# Introduction

* Datasets:
    * https://huggingface.co/datasets/tatsu-lab/alpaca?row=1
* Models:
    * https://huggingface.co/facebook/opt-125m
 
***Note:*** *Here we will manually preprocess the input before feeding it to the model. We use `formatting_func` in the SFT API.*

In [1]:
!pip install -U accelerate peft bitsandbytes transformers trl datasets



In [2]:
import os
import torch
from datasets import load_dataset
from transformers import (
    TrainingArguments,
    AutoModelForCausalLM,
    AutoTokenizer,
    BitsAndBytesConfig,
    pipeline,
    logging,
)
from peft import LoraConfig
from trl import SFTTrainer

## Configuration

In [3]:
batch_size = 2
num_workers = os.cpu_count()
# max_steps = -1 for epoch-wise training.
# epochs = -1 for step-wise training.
# Both cannot be -1.
max_steps = -1
epochs = 3
bf16 = True
fp16 = False
gradient_accumulation_steps = 16
seq_length = 1024
logging_steps = 50
save_steps = 50
learning_rate = 0.0002
model_name = 'facebook/opt-125m'
out_dir = 'outputs/opt_125m_alpaca_sft'

## Load Dataset

In [4]:
dataset = load_dataset('tatsu-lab/alpaca')

In [5]:
print(dataset)

DatasetDict({
    train: Dataset({
        features: ['instruction', 'input', 'output', 'text'],
        num_rows: 52002
    })
})


In [6]:
print(dataset['train']['text'][0])

Below is an instruction that describes a task.
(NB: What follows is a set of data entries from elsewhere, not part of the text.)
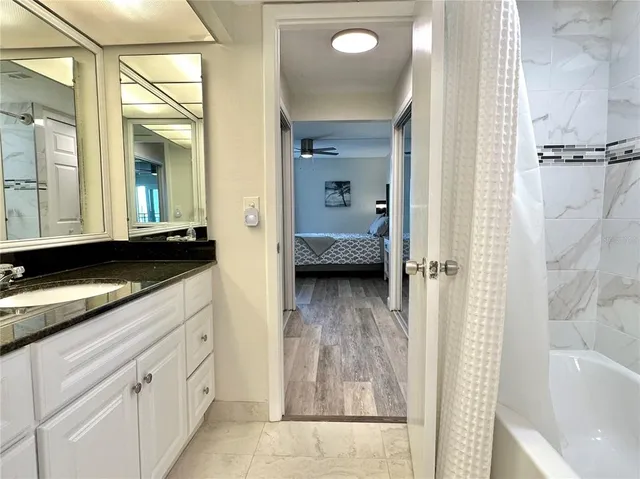 a en suite bathroom with a sink and a mirror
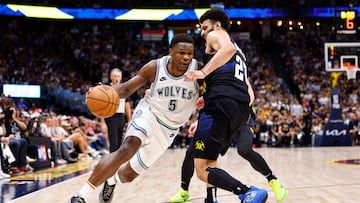 DENVER, COLORADO - MAY 19: Anthony Edwards #5 of the Minnesota Timberwolves drives to the basket against Jamal Murray #27 of the Denver Nuggets during the fourth quarter in Game Seven of the Western Conference Second Round Playoffs at Ball Arena on May 19, 2024 in Denver, Colorado. NOTE TO USER: User expressly acknowledges and agrees that, by downloading and or using this photograph, User is consenting to the terms and conditions of the Getty Images License Agreement. C. Morgan Engel/Getty Images/AFP (Photo by C. Morgan Engel / GETTY IMAGES NORTH AMERICA / Getty Images via AFP)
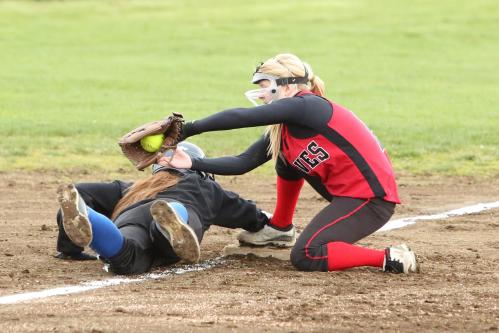 Madeline Roberts goes low to nail a runner coming in to third.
Write a response that appropriately completes the request.

### Instruction:
Give three tips for staying healthy.

### Response:
1.Eat a balanced diet and make sure to include plenty of fruits and vegetables. 
2. Exercise regularly to keep your body active and strong. 
3. Get enough sleep and maintain a consistent sleep schedule.


In [7]:
print(dataset['train'][0])

{'instruction': 'Give three tips for staying healthy.', 'input': '', 'output': '1.Eat a balanced diet and make sure to include plenty of fruits and vegetables. \n2. Exercise regularly to keep your body active and strong. \n3. Get enough sleep and maintain a consistent sleep schedule.', 'text': 'Below is an instruction that describes a task. Write a response that appropriately completes the request.\n\n### Instruction:\nGive three tips for staying healthy.\n\n### Response:\n1.Eat a balanced diet and make sure to include plenty of fruits and vegetables. \n2. Exercise regularly to keep your body active and strong. \n3. Get enough sleep and maintain a consistent sleep schedule.'}


In [8]:
full_dataset = dataset['train'].train_test_split(test_size=0.05, shuffle=True)
dataset_train = full_dataset['train']
dataset_valid = full_dataset['test']
 
print(dataset_train)
print(dataset_valid)

Dataset({
    features: ['instruction', 'input', 'output', 'text'],
    num_rows: 49401
})
Dataset({
    features: ['instruction', 'input', 'output', 'text'],
    num_rows: 2601
})


In [9]:
for i in range(10):
    print(dataset_train[i])
    print('****************')
    
    text = dataset_train[i]
    instruction = '### Instruction:\n' + text['instruction']
    inputs = '\n\n### Input:\n' + text['input']
    response = '\n\n### Response:\n' + text['output']
    
    final_text = instruction + inputs + response
    print(final_text)
    print('#'*50)

{'instruction': 'Write a function that takes an array of numbers and sorts them in ascending order.', 'input': '[5, 2, 9, 7, 4, 1]', 'output': 'function sortAscending(arr) { \n    return arr.sort((a, b) => a-b); \n};', 'text': 'Below is an instruction that describes a task, paired with an input that provides further context. Write a response that appropriately completes the request.\n\n### Instruction:\nWrite a function that takes an array of numbers and sorts them in ascending order.\n\n### Input:\n[5, 2, 9, 7, 4, 1]\n\n### Response:\nfunction sortAscending(arr) { \n    return arr.sort((a, b) => a-b); \n};'}
****************
### Instruction:
Write a function that takes an array of numbers and sorts them in ascending order.

### Input:
[5, 2, 9, 7, 4, 1]

### Response:
function sortAscending(arr) { 
    return arr.sort((a, b) => a-b); 
};
##################################################
{'instruction': 'Describe one popular feature of the latest iOS operating system.', 'input': '', '

In [10]:
def preprocess_function(example):
    """
    Formatting function returning a list of samples (kind of necessary for SFT API).
    """
    text = f"### Instruction:\n{example['instruction']}\n\n### Input:\n{example['input']}\n\n### Response:\n{example['output']}"
    return text

## Model

In [11]:
if bf16:
    model = AutoModelForCausalLM.from_pretrained(model_name).to(dtype=torch.bfloat16)
else:
    model = AutoModelForCausalLM.from_pretrained(model_name)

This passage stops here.